Source material:
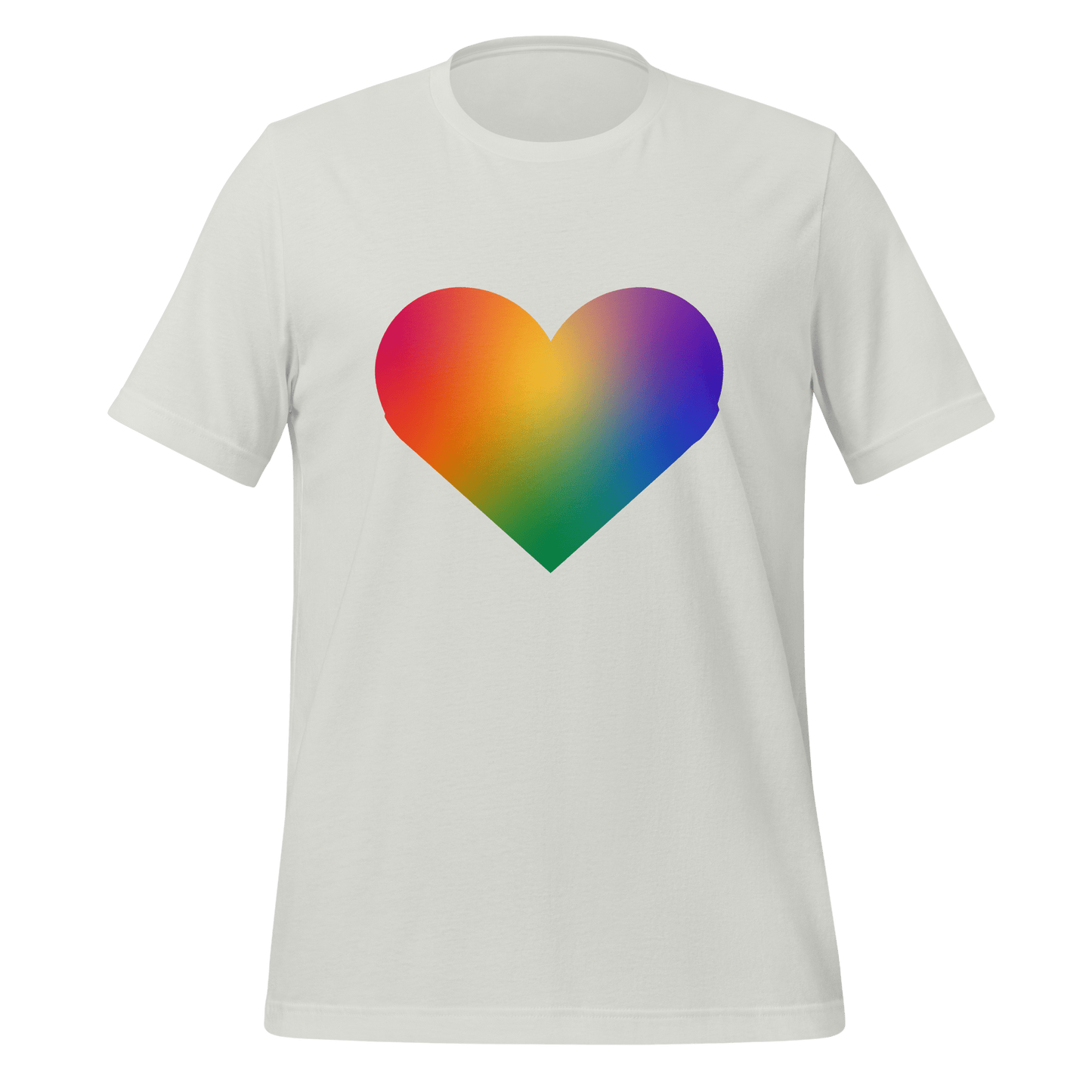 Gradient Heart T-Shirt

...

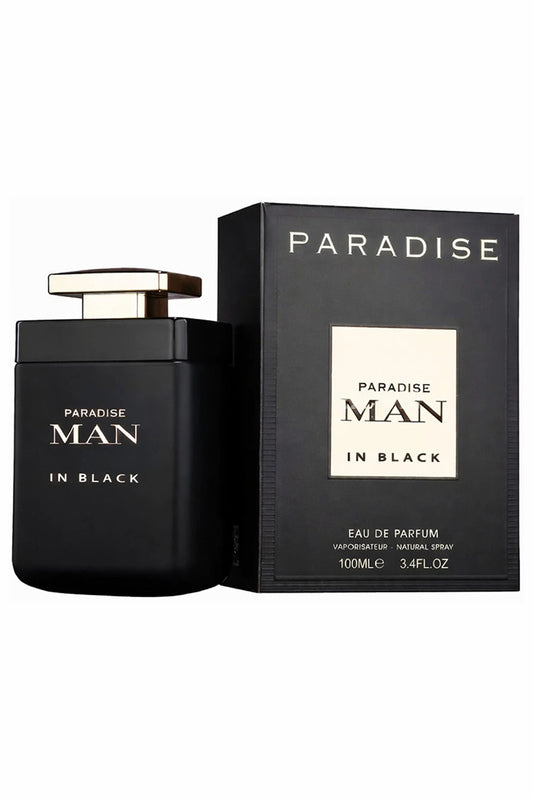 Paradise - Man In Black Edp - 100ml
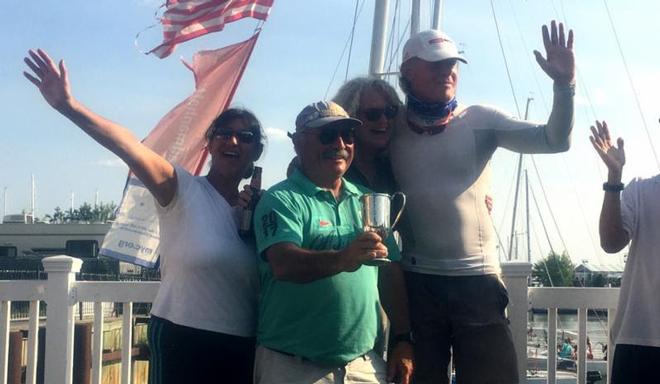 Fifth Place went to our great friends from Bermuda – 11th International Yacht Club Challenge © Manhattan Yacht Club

---

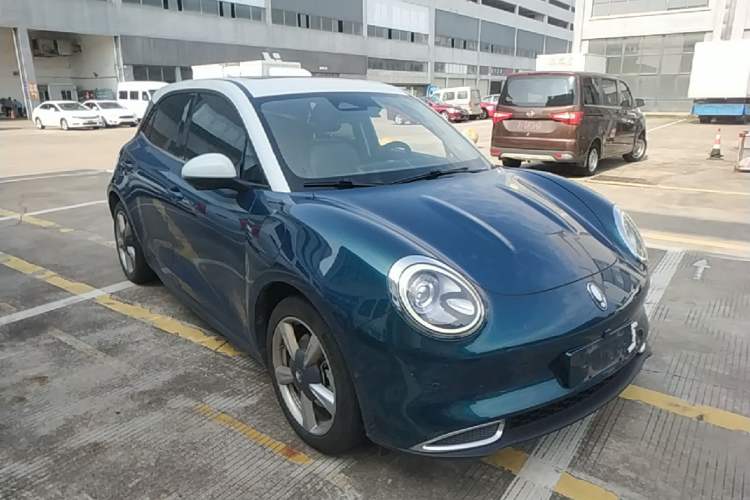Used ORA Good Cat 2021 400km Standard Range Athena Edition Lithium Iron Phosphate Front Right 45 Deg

Work order: Reproduce, word for word, only the lines in the records above from the line with "Paradise - Man In Black Edp - 100ml" through the line with "Fifth Place went", including both ends; omit the pictures.

Exercise output:
 Paradise - Man In Black Edp - 100ml
 Fifth Place went to our great friends from Bermuda – 11th International Yacht Club Challenge © Manhattan Yacht Club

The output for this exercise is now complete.